По сути, делание и созерцание и описывались в двух первых сотницах. Воскресение оказывается подлинным результатом законченного подвижнического круга жизни.
А в 98 главе данная мысль получает стремительное развитие: Стифат предлагает экзегезу делания – Марфы, которую олицетворяет добродетель справедливости, и созерцания Марии, которую олицетворяет добродетель рассудительности. В непосредственном контексте этой экзегезы он пишет о необходимом прижизненном воскрешении Лазаря, как высшей части души – ума[43].
«Когда Слово Божие, как в граде Вифании (Ин. 11, 17), появится в падшей душе, чтобы воскресить ум ее, умерщвленный грехом и погребенный под тлением страстей, тогда рассудительность и справедливость, погруженные в печаль о мертвости ума, как плачущие в самом деле встречают Его и говорят: “Если бы мы не хранили и не оберегали Тебя здесь, тогда бы брат наш ум умер от греха” (ср.: Ин. 11, 21.33). …».

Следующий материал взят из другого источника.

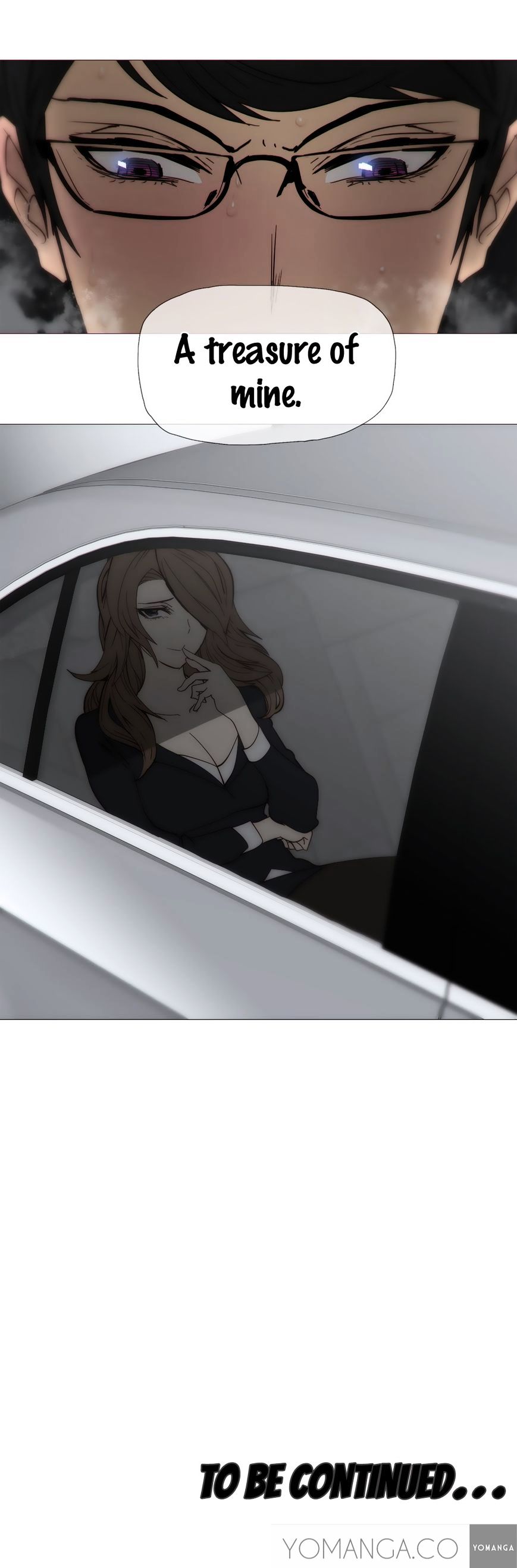 Household Affairs Chapter 26 image 25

1) Прп. Симеон Новый Богослов
В Сотнице 3, 38[44] и в 28-м Катехизисе[45] прп. Симеона встречается достаточно лаконичная формула, передающая один из наиболее пламенных призывов-увещаний Нового Богослова:
“Прежде смерти смерть и прежде воскресения тел происходит воскресение душ (ψυχῶν ἀνάστασις) делом, силой, опытом и истиной”.

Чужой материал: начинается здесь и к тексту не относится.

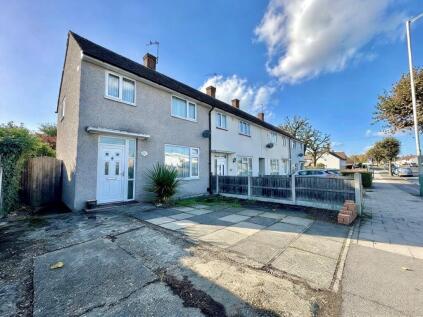 Gooshays Drive, Romford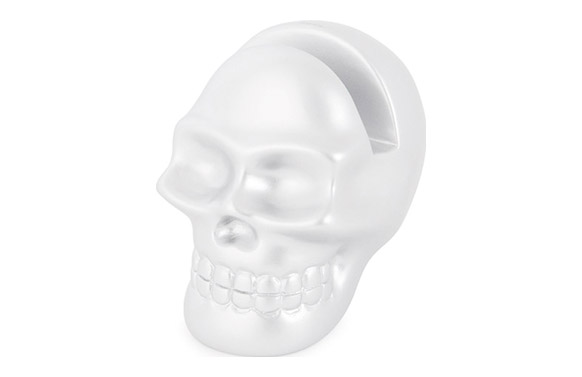 SOPORTE GAFAS SKULLY CALAVBLANCO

Таким образом, параллель очевидна и теперь нуждается в раскрытии.
Митрополит Иларион (Алфеев) в книге “Прп. Симеон и православное предание” обращал внимание на учение о духовном воскресении души св. Симеона, однако он сравнивал его с аналогичным и более аскетично-дидактическим учением прп. Феодора Студита. “Если у Феодора преобладают негативные выражения и приглушенные тона, то у Симеона мы находим его обычную обращенность к мистическим темам, например, видению Бога, осознанному ощущению Его благодати и созерцанию Божественного света…”[46]

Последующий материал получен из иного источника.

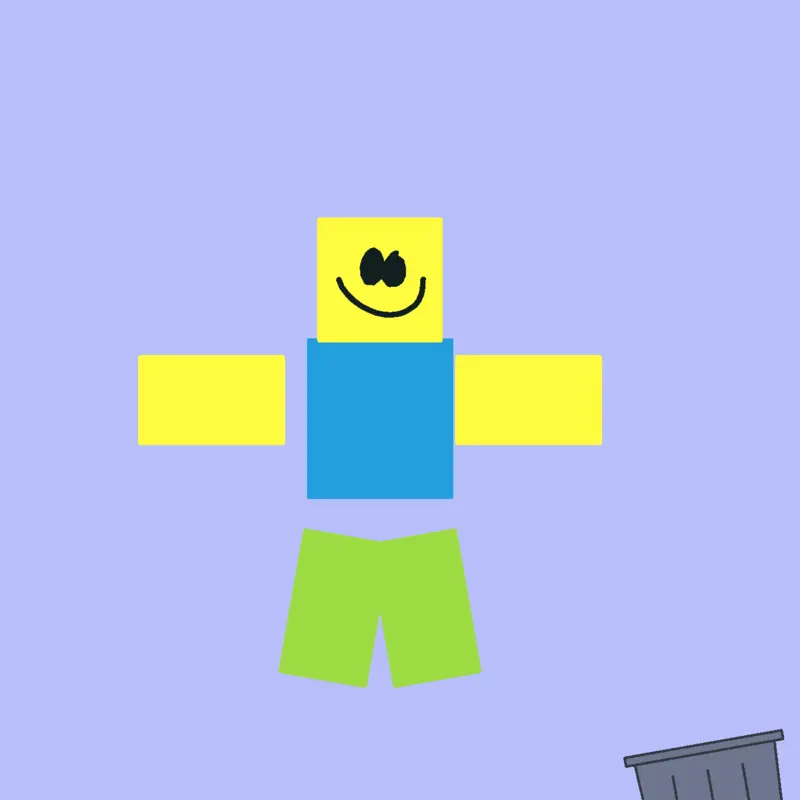 Game by @kizander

Помимо вышеуказанных сочинений учение о духовном воскресении души содержится в следующих сочинениях прп. Симеона: в 1-м и 10-м нравственным словах, в 6-м и особенно 13-м катехетике, и, наконец, в 28-м катехетике, где описывается судьба человеческой души после смерти[47].
Данное учение встраивается в аскетико-созерцательную традицию Церкви, хотя с чисто догматической точки зрения оно все же остается не безукоризненным[48]. Особо подробно оно раскрывается в 1-м нравственном слове. Адам умер сначала душой – имеется в виду грехопадение, потом телом[49]. Христос сначала домостроительно воскресил душу, а потом тело:
“…и посему душу, получившую в удел наказание смертью, прежде воскресил и оживил и обожил, а затем таким же образом домостроительно устроил, дабы тело, которое по древле вынесенному приговору должно было обратиться через смерть в землю, получило через воскресение нетление ”[50].
При схождении во ад произошло воскресение душ, находившихся там святых, также и в жизни святых как древних, так и современных. Святые совоскресают Христу, становясь соучастниками Божества и Сущности и сотелесниками через вкушение плоти Христовой в таинстве Евхаристии[51].
Данная мысль продолжает раскрываться в сходных тонах. Души святых воскресают при жизни “через дарование и единение Святого Духа”, а тела потом. При этом и само воскресение душ двухэтапно: они “и от смерти восстают, и в невечернем свете во славе восстанавливаются после кончины”.
“Ведь одни ныне соединились с небесами, а другие в будущем: ибо души святых, как мы ранее говорили, через дарование и единение Святого Духа, еще будучи в теле, прилепляются Богу и, обновляясь, изменяются, и от смерти воскресают (ἐκ τοῦ θανάτου ἀνίστανται), и после кончины восстанавливаются в невечернем свете во славе”[52].
В 10-м нравственном слове прп. Симеон говорит уже не о святых, а о всех нас от первого лица. Все обетованные блага мы получаем “отсюда в чувстве и знании души”. Таким образом, если несколько развить мысль прп. Симеона, мы приобщаемся вечной жизни или воскресаем – а это и есть подлинное воскресение души. Душе при даровании бессмертия даруются те же свойства, что и телу при будущем его воскресении: нетление и вечная жизнь.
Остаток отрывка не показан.